He holds me the same way he’s always held me, but it feels closer now, and I’m about to ask him what exactly he was trying to figure out earlier, what it is he seems so much more sure of now. But he speaks first.

“You love me,” he whispers, his lips brushing across my shoulder, and I am frozen in his arms.

There’s a cold drop in my stomach like a shock of ice water, like I’ve been found out, like my hiding place has burnt to the ground and there’s nothing left to keep me safe. But I am safe, here in Peeta’s arms, next to the boy who brings bread and springtime and the softest orange sunset skies I’ve ever seen.
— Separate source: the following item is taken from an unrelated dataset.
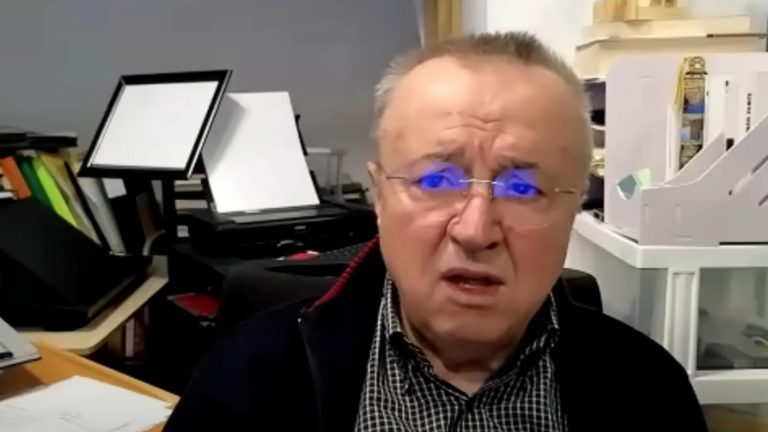 Cristoiu lansează atacuri în rafală la adresa ministrului de Externe: Hurezeanu NU e capabil să ocupe funcții în Guvern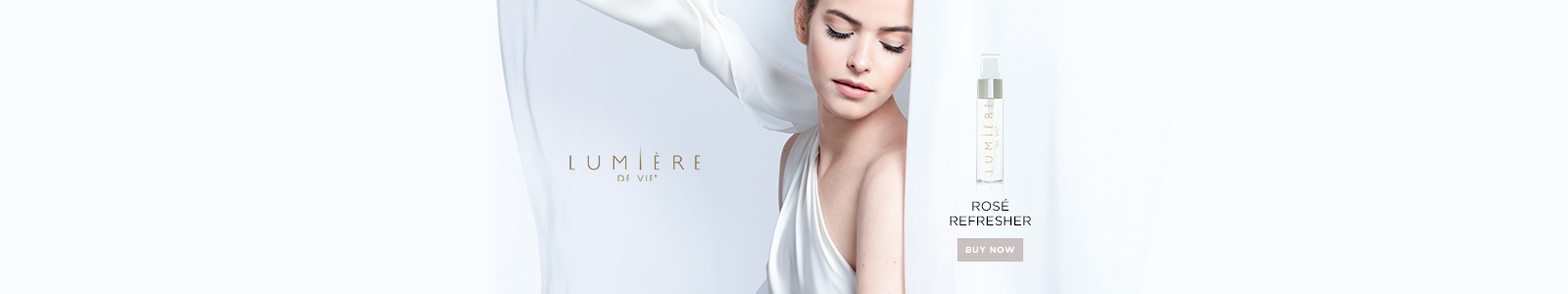 Refresh your face with moisture throughout the day Refresh your face with moisture throughout the day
He is safe, he is safety, he is all the warmth in the world.

I roll over to face him, and his eyes are gentle, searching, roving over my features while he waits my answer. “Real or not real?”

And of everything we’ve seen in the arenas, in our district, in the streets of the Capitol, this is the most frightening of them all to face. He and his questions are the most frightening to face. But he is noble and kind and the bravest person I’ve ever known, and it’s my turn to be brave for him.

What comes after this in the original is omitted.